3 Historical sketch

8 min read

Core idea

Probability did not arrive fully formed. It was built up over four centuries by gamblers, actuaries, astronomers, biologists, and finally pure mathematicians, each pulling the subject toward their own problem. The historical arc has two intertwined threads. One is technical: counting outcomes, then summing infinite series, then proving limit theorems, then axiomatising the whole edifice on measure theory in 1933. The other is philosophical: what does the number we call a probability actually mean — a symmetry of physical objects, a long-run frequency, a personal degree of belief, or an abstract measure on a sample space? The same calculation can be defended from any of these positions, and the history of probability is, just beneath the surface, the history of an unresolved argument about what the calculation is about.

Author's framing: The same formula can be read four different ways. The history of probability is the slow process of building the formula while still arguing about what it refers to.

Why it matters

Knowing the history is not decoration. It explains why probability has multiple legitimate interpretations and why working statisticians switch between them depending on the problem.

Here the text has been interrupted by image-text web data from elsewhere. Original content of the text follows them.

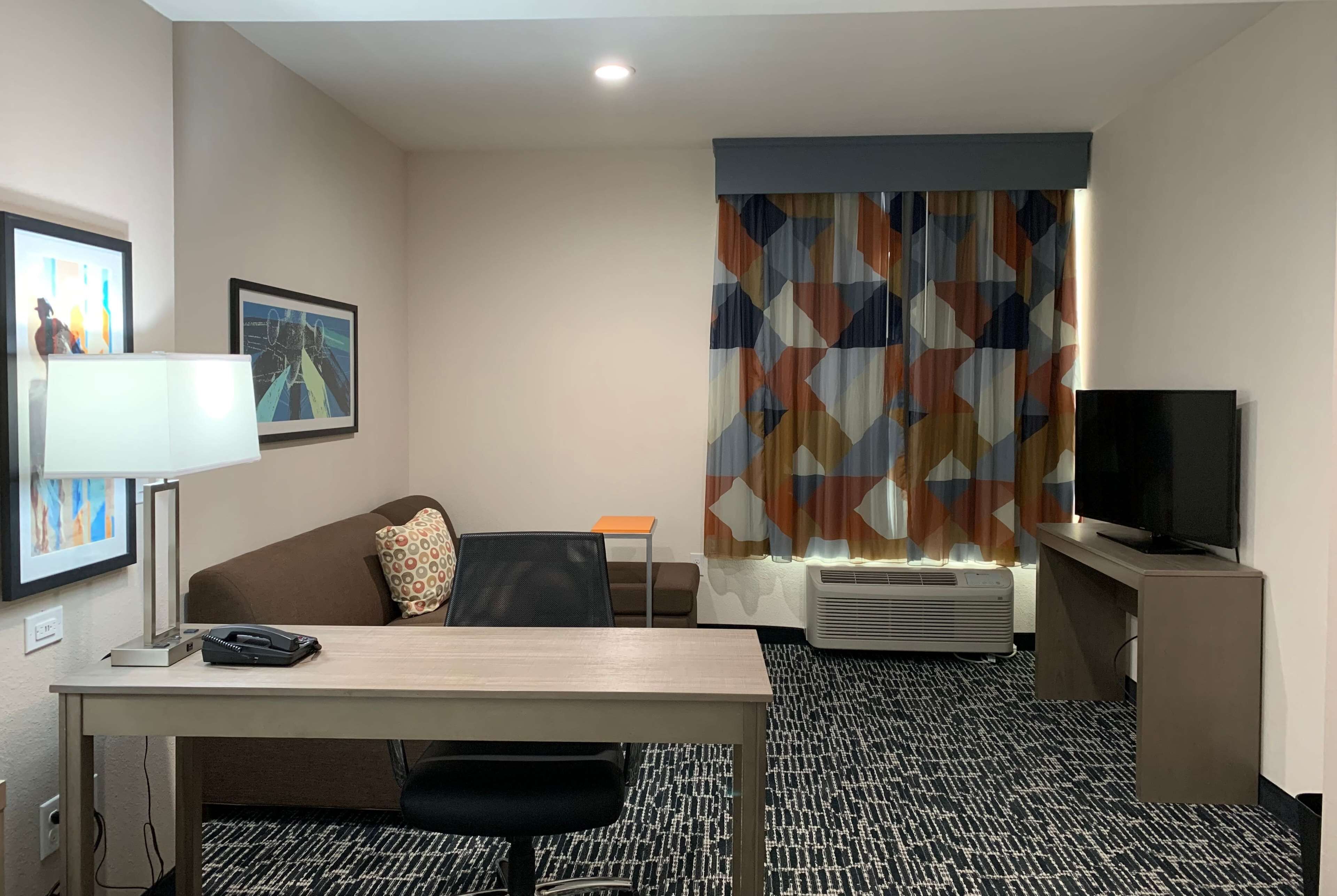 La Quinta Inn & Suites by Wyndham-Red Oak TX IH-35E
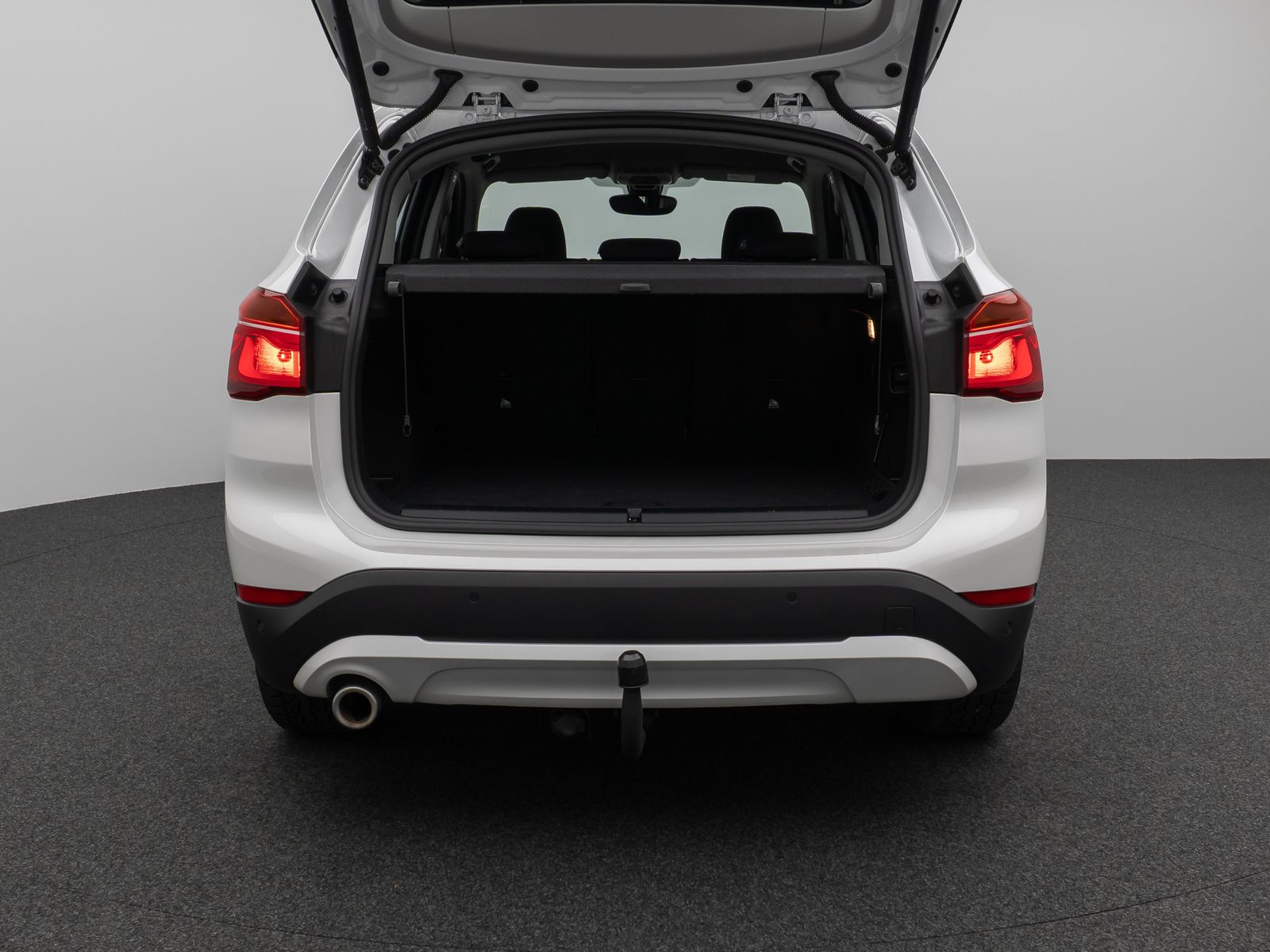 Fahrzeugabbildung BMW X1 xD25e Parkassist DAB AHK Geschwindigkeitsreg
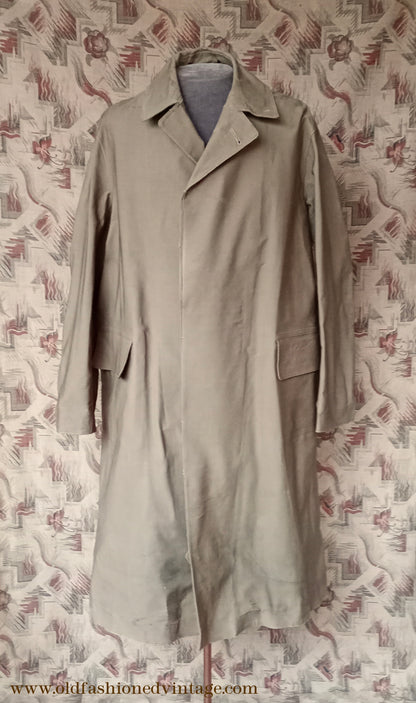 Vintage Mens 1950s British Army Khaki Rubberised Raincoat Coats Rubberproofed 1A UK L/XL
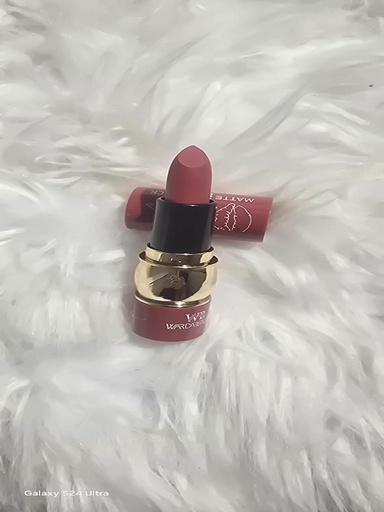 Matte Lipstick from Warda Beauty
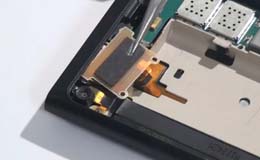 Nokia N9 разборка и замена экрана - 15 | Всеплюс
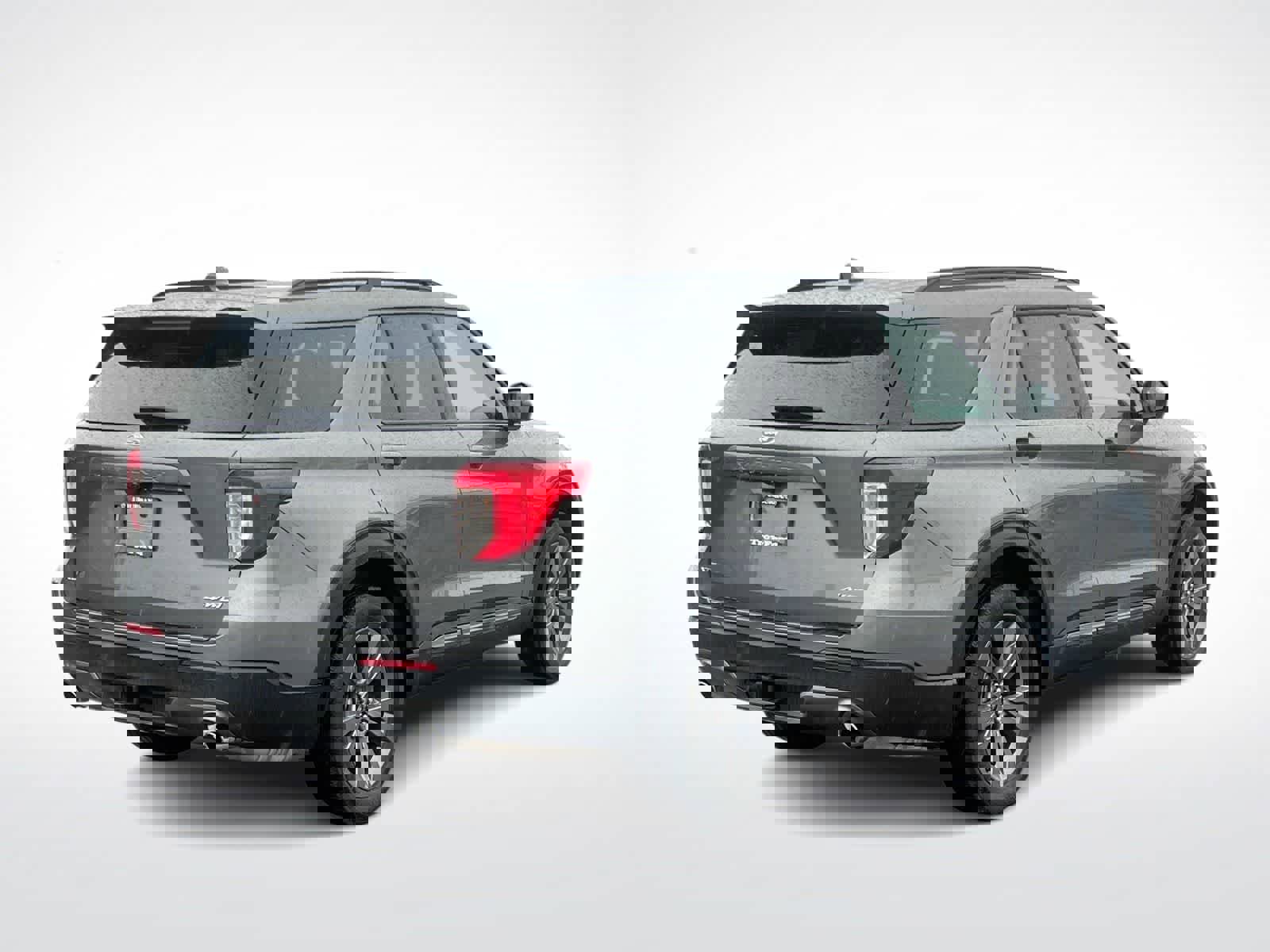 Used 2023 Ford Explorer XLT w/ Equipment Group 202A image 8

When a frequentist quotes a confidence interval and a Bayesian quotes a credible interval, they are not making the same statement — and the difference traces directly back to whether you stand with Bernoulli (long-run frequencies are the real thing) or with Bayes and Laplace (probabilities are degrees of belief, updatable by evidence). Cardano's gambling questions, Pascal and Fermat's letters, Laplace's monumental synthesis, and Kolmogorov's axioms are not antiquarian trivia; they are the layers underneath every probability statement you read today.

Key takeaways

Mental model — five milestones across four centuries

A four-act story

Early developments: gamblers learn to count (1500s-1650s)

The first questions about chance came from people with money on the table. Girolamo Cardano, a 16th-century Italian polymath, gambler, and physician, wrote Liber de Ludo Aleae (Book on Games of Chance) — the first systematic treatment of dice problems — though it was not published until 1663, long after his death. Around 1600 a different group of Florentine dice players ran into a puzzle that perfectly captures the era's confusion. A popular game scored three ordinary dice. There appear to be six combinations summing to nine (6+2+1, 5+3+1, 4+4+1, 4+3+2, 3+3+3, 5+2+2) and six combinations summing to ten — so a total of ten ought to occur as often as nine. Players noticed it did not. They asked Galileo.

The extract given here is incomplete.